--- START ---

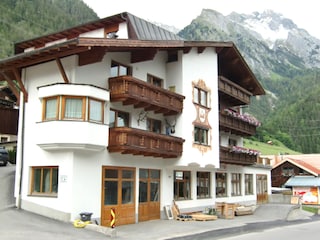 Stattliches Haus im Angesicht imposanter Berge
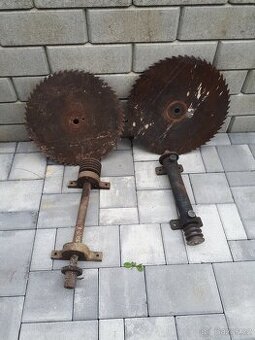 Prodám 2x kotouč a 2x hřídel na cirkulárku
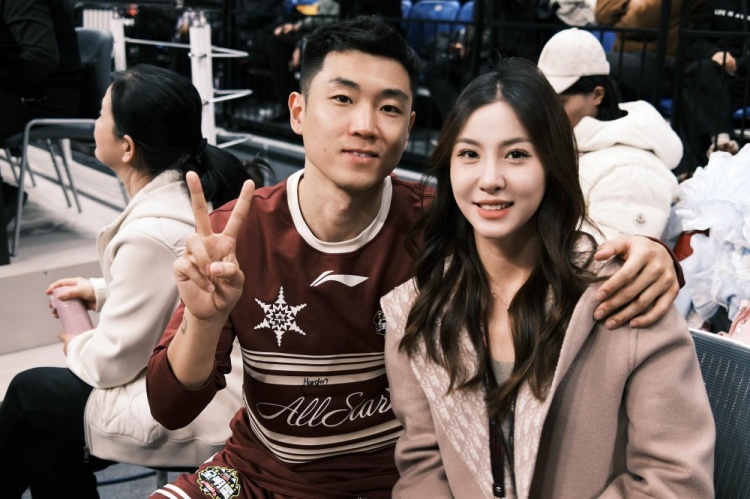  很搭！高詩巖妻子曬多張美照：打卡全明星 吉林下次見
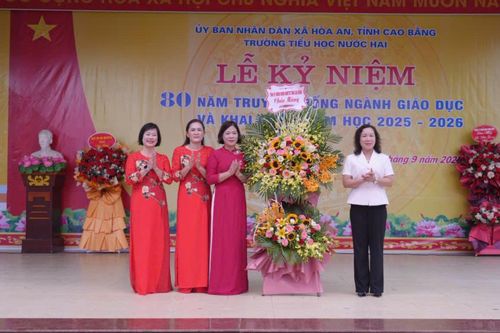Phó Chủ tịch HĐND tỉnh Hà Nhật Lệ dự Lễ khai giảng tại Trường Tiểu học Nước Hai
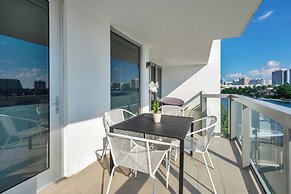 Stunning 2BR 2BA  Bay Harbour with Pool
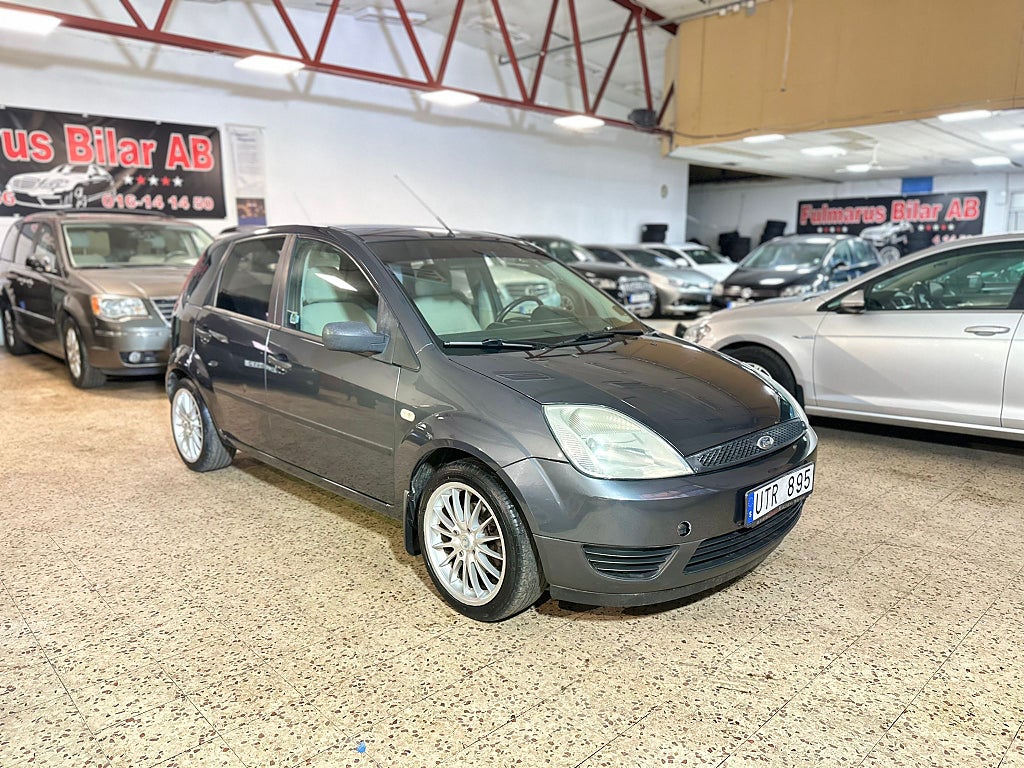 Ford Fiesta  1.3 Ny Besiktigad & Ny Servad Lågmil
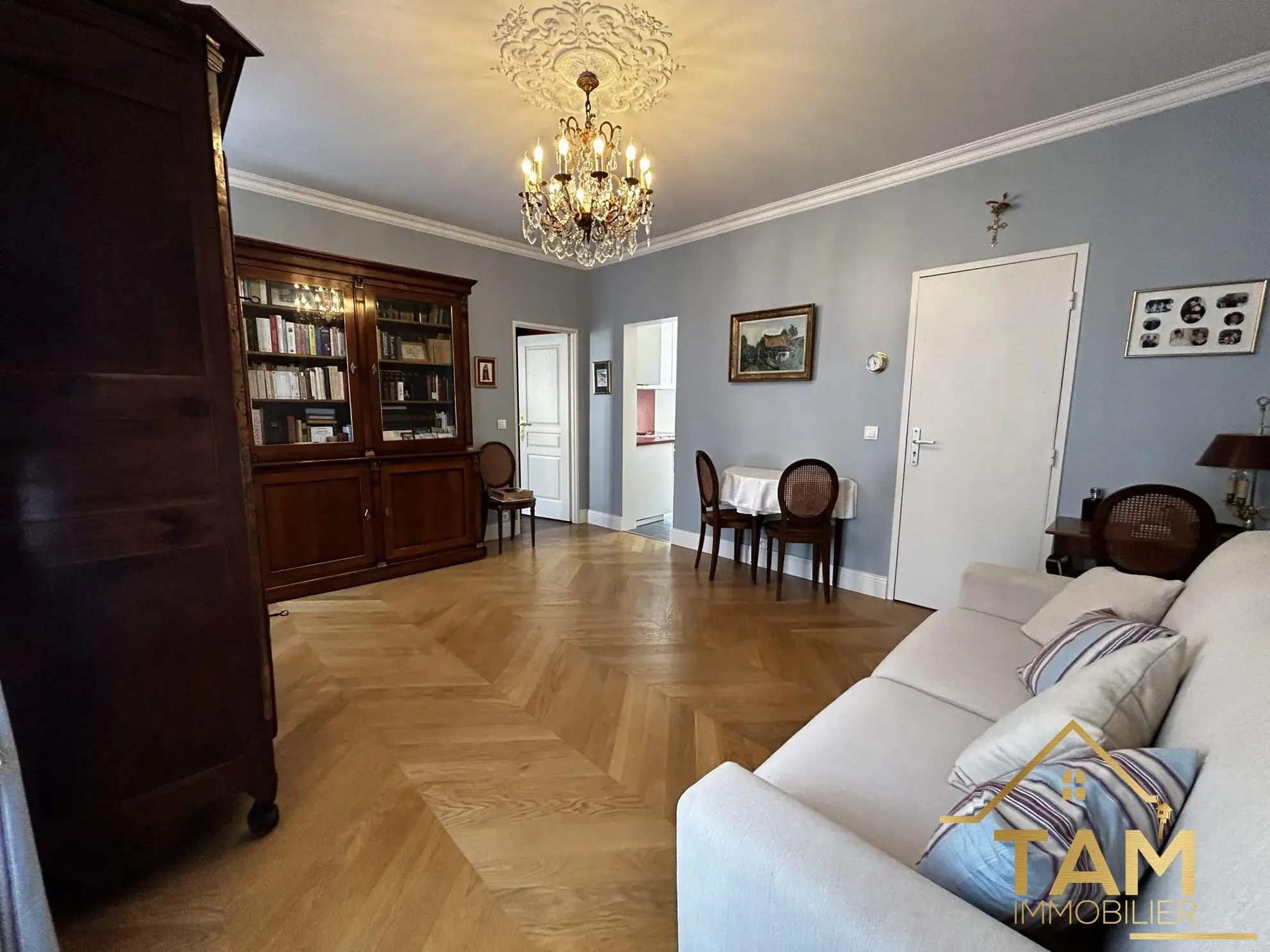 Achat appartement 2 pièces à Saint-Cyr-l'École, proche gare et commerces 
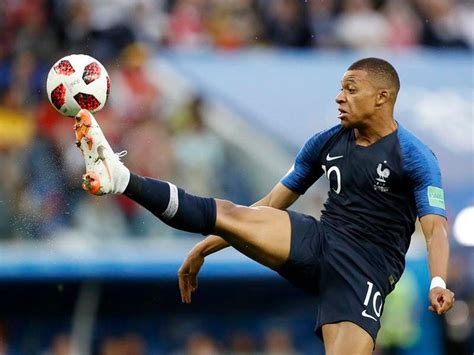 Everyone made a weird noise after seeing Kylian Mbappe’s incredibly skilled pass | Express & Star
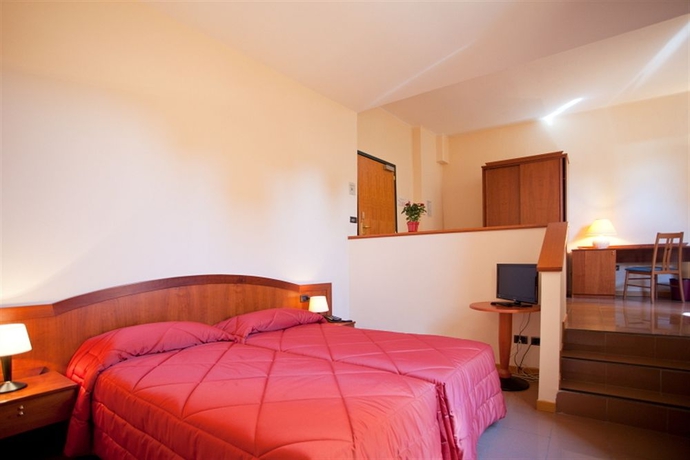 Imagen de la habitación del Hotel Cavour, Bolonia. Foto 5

--- END ---
--- START ---

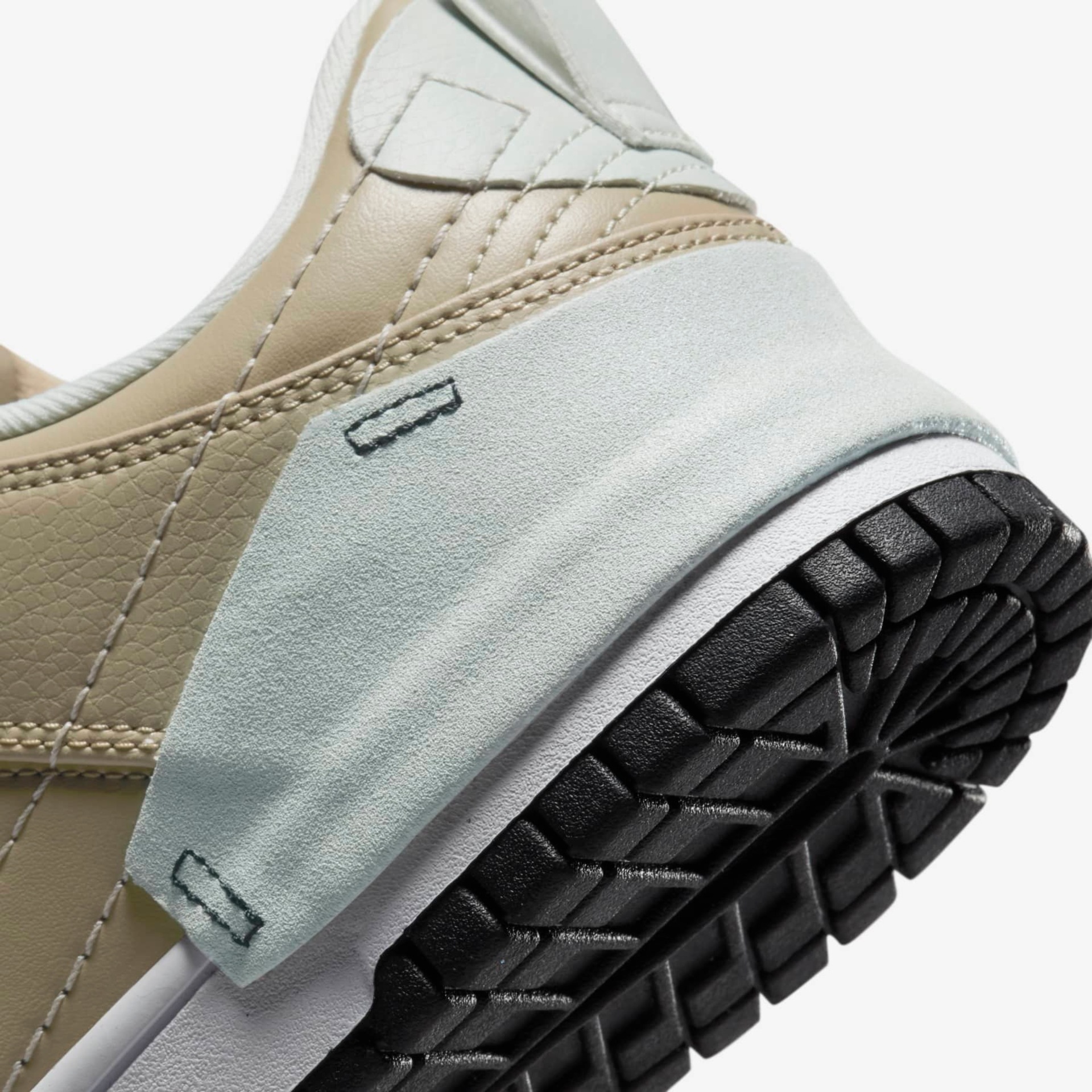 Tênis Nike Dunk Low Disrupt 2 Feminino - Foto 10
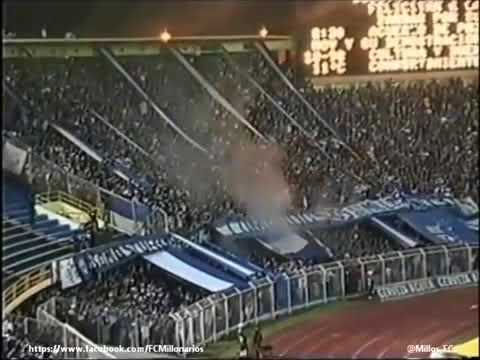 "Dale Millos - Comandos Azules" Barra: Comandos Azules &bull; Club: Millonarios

--- END ---

What you need to do:
Return word for word the lines of the listing above, starting at the line with "Stunning 2BR 2BA" and ending at the line with "Imagen de la", both included. Pictures do not belong in the copy.

Solution to this problem:
 Stunning 2BR 2BA  Bay Harbour with Pool
 Ford Fiesta  1.3 Ny Besiktigad & Ny Servad Lågmil
 Achat appartement 2 pièces à Saint-Cyr-l'École, proche gare et commerces 
 Everyone made a weird noise after seeing Kylian Mbappe’s incredibly skilled pass | Express & Star
 Imagen de la habitación del Hotel Cavour, Bolonia. Foto 5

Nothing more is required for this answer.